Time 35 minutes
Yield6 bruschetta, serving 3 to 6
- 2 tablespoons extra virgin olive oil
- 2 leeks, white and light green parts only, halved, cleaned and thinly sliced
- 2 garlic cloves, 1 minced, 1 cut in half
- 1 teaspoon chopped fresh rosemary
- 1 medium head cabbage, cored and shredded or chopped
- Salt to taste
- 1 tablespoon tomato paste dissolved in 2 tablespoons water
- ½ teaspoon paprika
- 1 cup dry white wine
- 1 Parmesan rind
- Freshly ground pepper
- 1 tablespoon chopped fresh dill(optional)
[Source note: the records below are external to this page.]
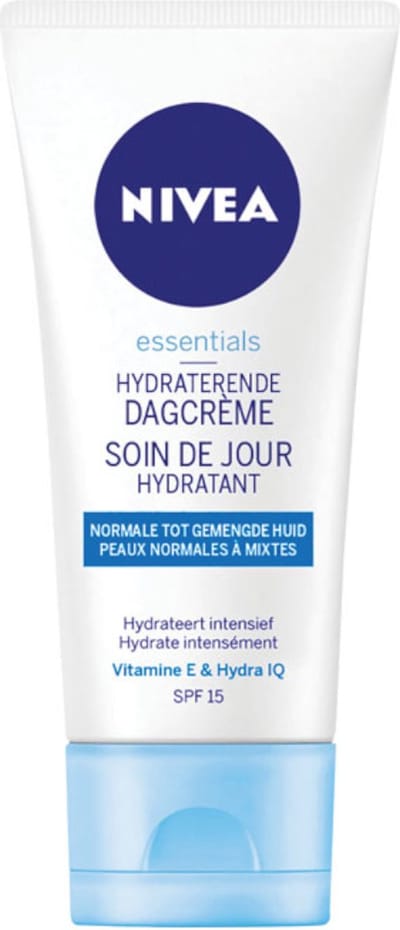 NIVEA Dagcrème Hydraterend SPF 15 - 3 x 50 ml - Voordeelverpakking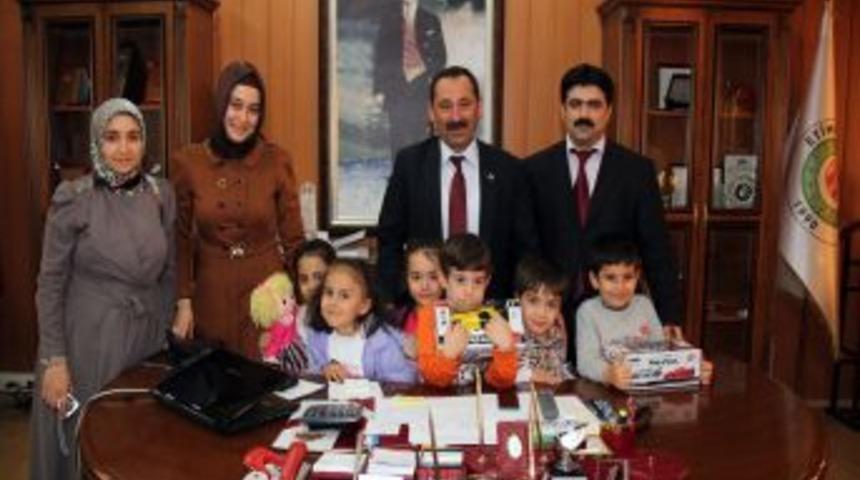 Goncalı Minikler Başkan Demirel&rsquo;i Ziyaret Etti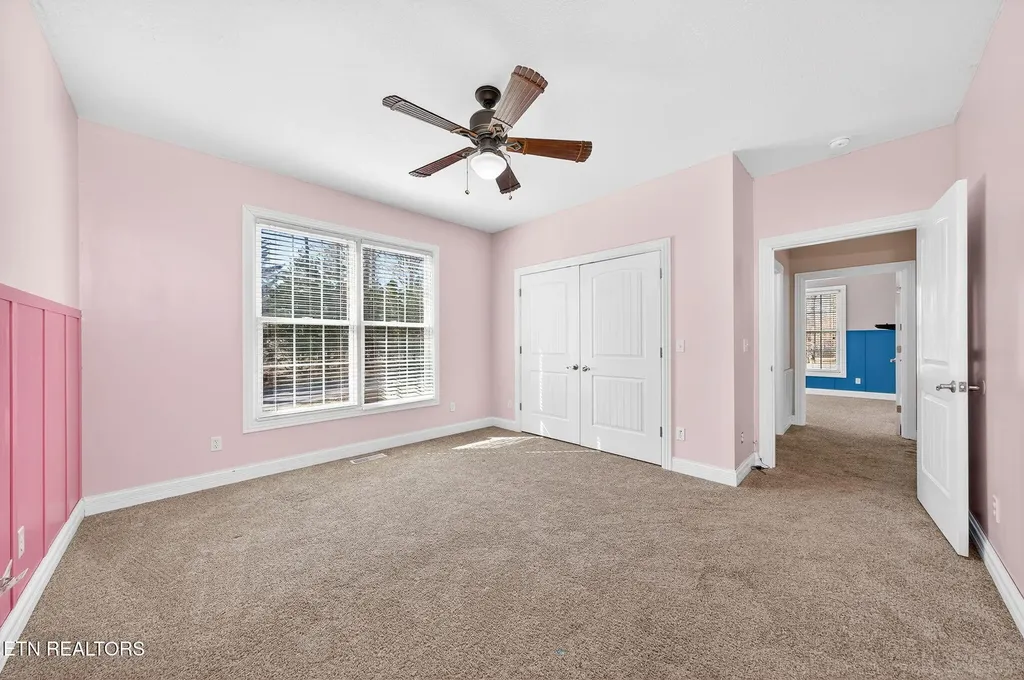 1945 W Creston Road Crossville TN 38571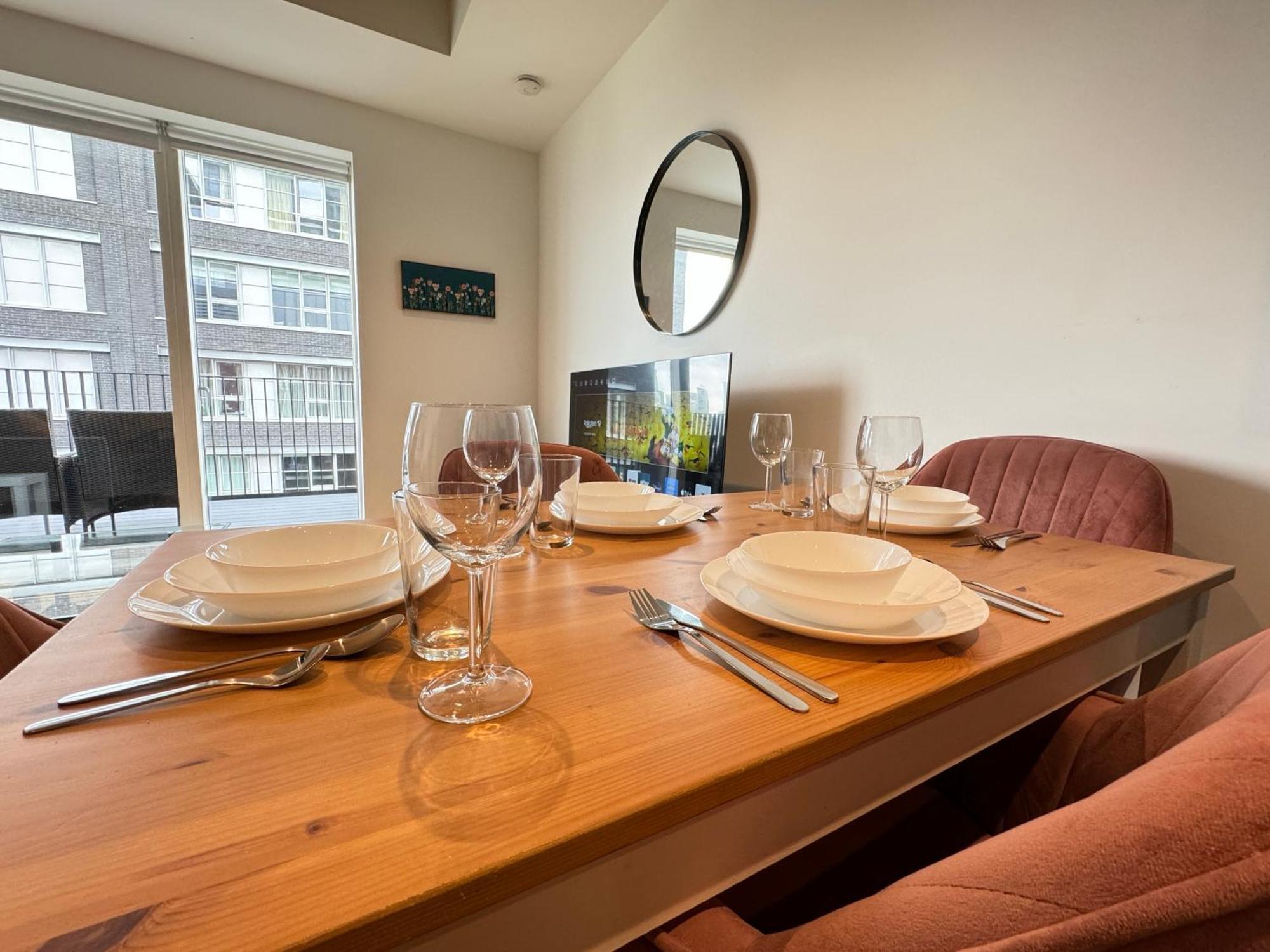 London Luxury Flat With Balcony, River View, O2 Arena, Excel, Canary Wharf, Station Daire Dış mekan fotoğraf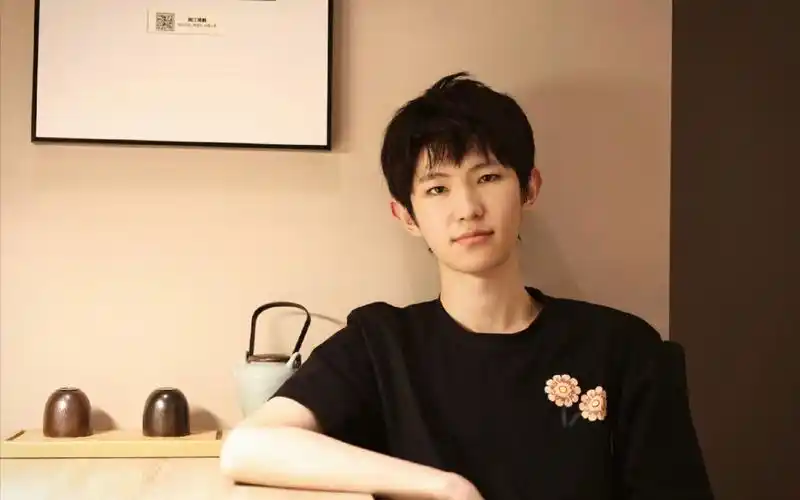 成都ag超玩会一诺石以砥焉化钝为利长路漫漫少年终会到达彼岸加油啊诺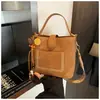 Bolsa de Mão Retrô Feminina 2024 Nova Outono e Inverno Nicho Ombro Único Transversal Saco Balde Grande Capacidade Tote de PU Bolsa Feminina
- 6 thick slices whole wheat country bread
- 3 tablespoons freshly grated Parmesan
- Heat olive oil over medium heat in a large, heavy skillet and add leeks. Cook, stirring, until they begin to soften, about 3 minutes. Add minced garlic and rosemary and cook, stirring, for another 30 seconds to a minute, until fragrant. Stir in cabbage and a generous pinch of salt and cook, stirring often, until it begins to soften, about 5 minutes. Add dissolved tomato paste and paprika and stir together. Add white wine, Parmesan rind and salt to taste, bring to a simmer, cover and reduce heat to low. Cook, stirring from time to time, for about 20 to 25 minutes, until cabbage is soft and sweet. Remove Parmesan rind. Add freshly ground pepper, taste and adjust salt. Remove from heat.
- Lightly toast the bread and rub with the cut clove of garlic. Top with the cabbage, sprinkle with Parmesan and with dill if desired, and serve.
- The cabbage topping will keep in the refrigerator for a couple of days. Reheat gently on top of the stove.